The same scenario could be predicted for adoptively transferred T cells. Unlike antibodies, transferred T cells persist longer and may provide a memory response [14]; however, as long as the memory response is restricted to one clone, or a limited number of clones, then antigen-negative tumours will be able to escape. In addition, cancer vaccines encounter large numbers of immunosuppressive Treg and MDSC in circulation, as well as immunosuppressive cell-derived soluble products that flood the lymph nodes, preventing maturation of APCs and activation of T cells.
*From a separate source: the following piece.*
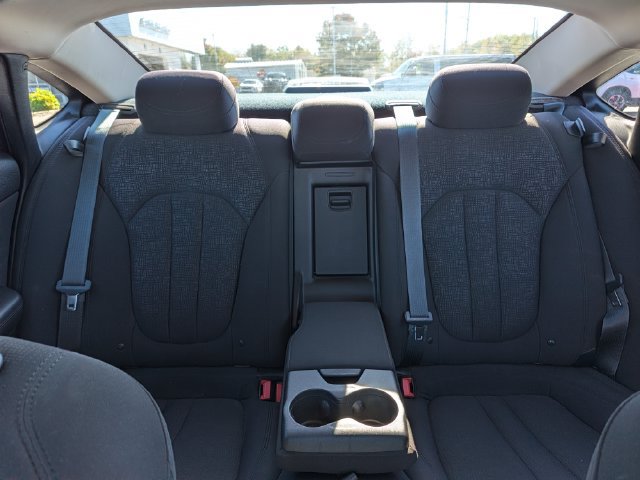 Used 2015 Chrysler 200 Limited FWD image 16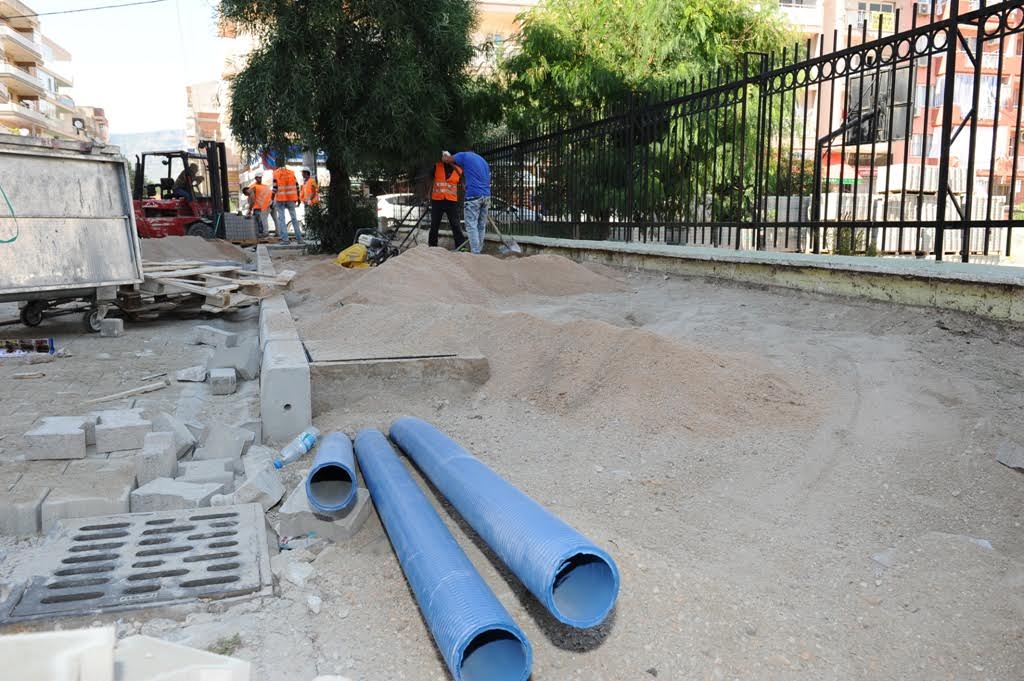 Karşıyaka'nın cadde ve sokakları artık daha güzel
Even when vaccines are delivered in the context of ex vivo matured and activated dendritic cells, their ability to activate T cells is compromised by the high-level expression of various molecules on T cells that block this process.

The scenarios proposed above present a rather bleak picture of the potential of immunotherapy to achieve the cure for cancer that has eluded standard therapy [15]. Interestingly, failures of some standard therapies are beginning to be ascribed to their inability to activate the patient's immune system [16]. However, rather than seeing the picture as a deterrent, it should be considered as a road map, providing at least two major directions for new developments in immunotherapy.

The first direction is to continue using the old classes of immunotherapy that target the cancer directly, but to use them in combination with therapies that target the immune system in the tumour microenvironment, such as cytokines, suppressors of Treg or MDSC activity, or antibodies that modulate T-cell activity. The recently approved antibody, ipilimumab, which acts to sustain cytotoxic T-cell activity by augmenting T-cell activation and proliferation, is one example of such an immunomodulatory agent [17].

The other direction is to use immunotherapies, both old and new, for preventing cancer in individuals at high risk [18]. Studies of the tumour microenvironment are providing information about immunosurveillance of tumours from early premalignant lesions to more advanced dysplastic lesions to cancer. At each step, tumour-derived and immune system-derived components have a unique composition that will have distinct effects on immunotherapy. Because these premalignant microenvironments are less developed and immunosuppression is less entrenched, it should be easier to modulate towards the elimination of abnormal cells.

The lessons learnt from past accomplishments suggest that in the future, well-designed immunotherapies, administered at the right stage of tumour progression, have the potential to significantly change the ongoing immune response in the tumour microenvironment from tumour-promoting to tumour-rejecting (Figure 1).

disclosure

The author declares no conflicts of interest.